New Delhi, April 30: Access to 4G Internet will lead to violence, disturb public order and “indeed threaten the security of the country”, the Jammu and Kashmir administration told the Supreme Court on Thursday, opposing petitions seeking high speed internet in the newly created Union territory.

Mobile Internet with 2G service was restored in Jammu and Kashmir in January –six months after it was removed as part of restrictions when the Centre ended the special status of the state and bifurcated it into two union territories in August.

On Thursday, the Jammu and Kashmir administration told the top court that there has been an increase in terror activity across the border after outbreak of the global pandemic of COVID-19, NDTV reported.

On the internet, shadow handles — believed to be at the behest of the Pakistan Army — are being run to incite the Kashmiri people, glorify terrorists and terror organisations and spread anti-India propaganda, it said.

The restriction in the internet speed is to stop “misuse of data services, applications like WhatsApp and Facebook for mobilizing crowds by anti-national elements”. This, the government said, has the potential to cause large scale violence, disturb public order and “threaten the security of the country”, adding that the right to internet was “not a fundamental right” granted by the Constitution.

The “current discourse of social media” suggests that “Pakistan is aiming to incite violence amongst college and University students” and that an increase in internet speed will lead to the “swift uploading and posting of provocative videos and other heavy data files”, the administration said in its affidavit filed in the Supreme Court.

For any activity dependent on heavy network usage, broadband and fiber internet connectivity is available throughout Jammu and Kashmir, the government said.

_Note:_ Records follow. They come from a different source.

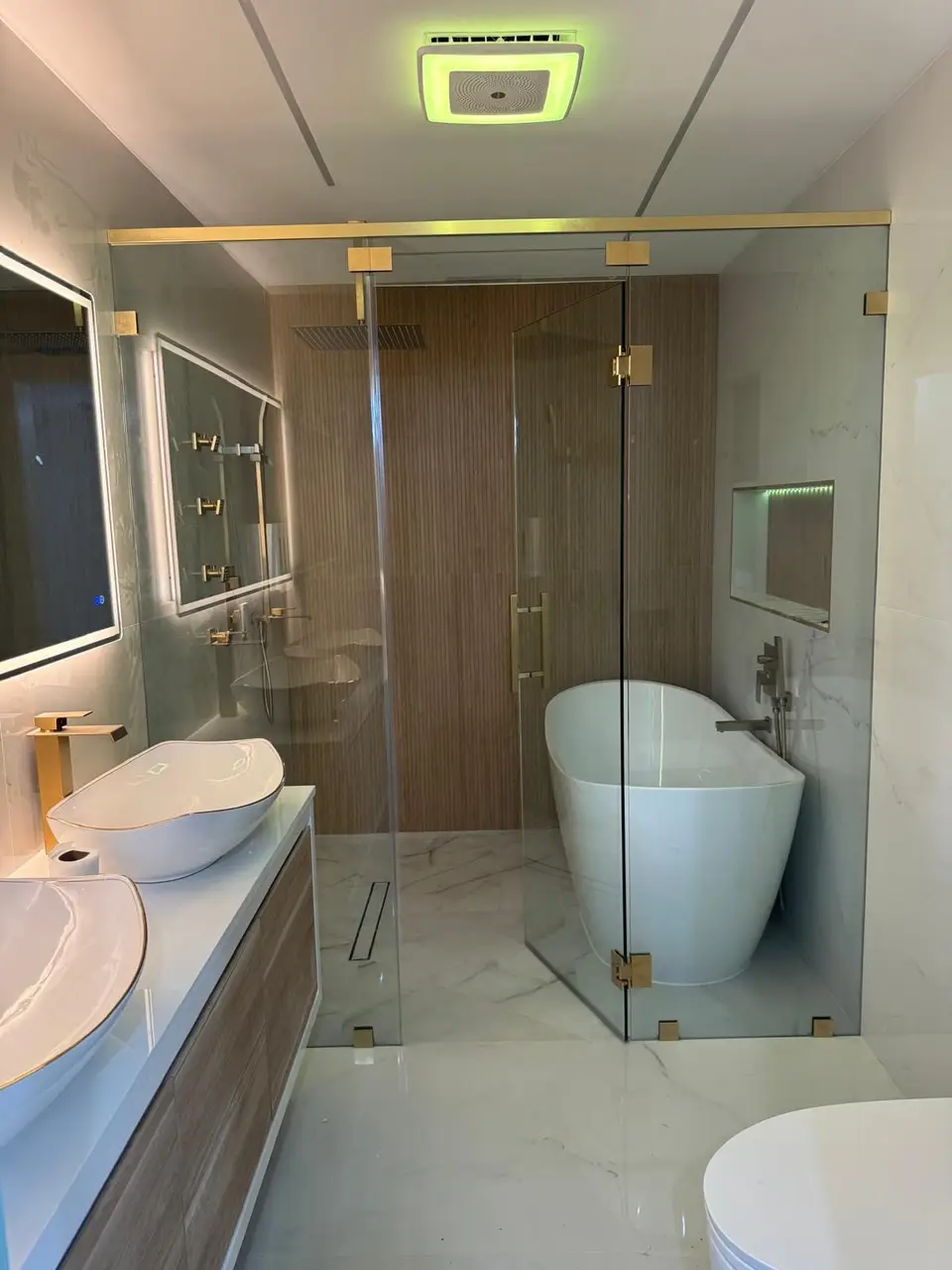 Bathroom with walnut feature wall, brass fixtures, freestanding tub and LED mirror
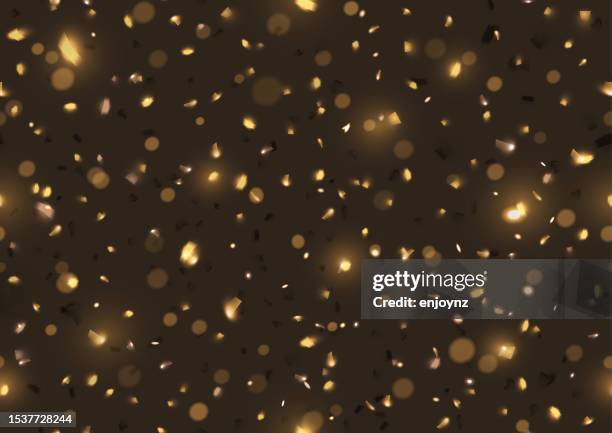 glittering gold confetti - string lights on black stock illustrations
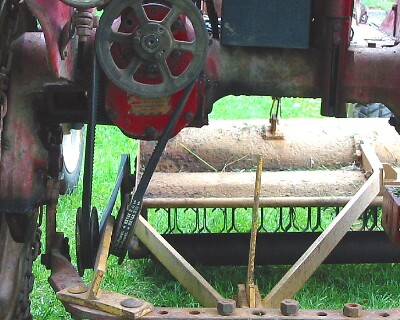 Mott Flail Mower center mounted on an early Farmall Cub Joe Therrien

The restrictions announced in August included a complete communications blackout. Phone services and internet connections were suspended in the Kashmir Valley and curfew-like restrictions were put in place.

Around 400 political leaders, including three former Chief Ministers, of the Kashmir Valley were also detained. Former Chief Ministers Omar Abdullah and his father Farooq Abdullah and Mehbooba Mufti were released  in March as the coronavirus infection spread across the country.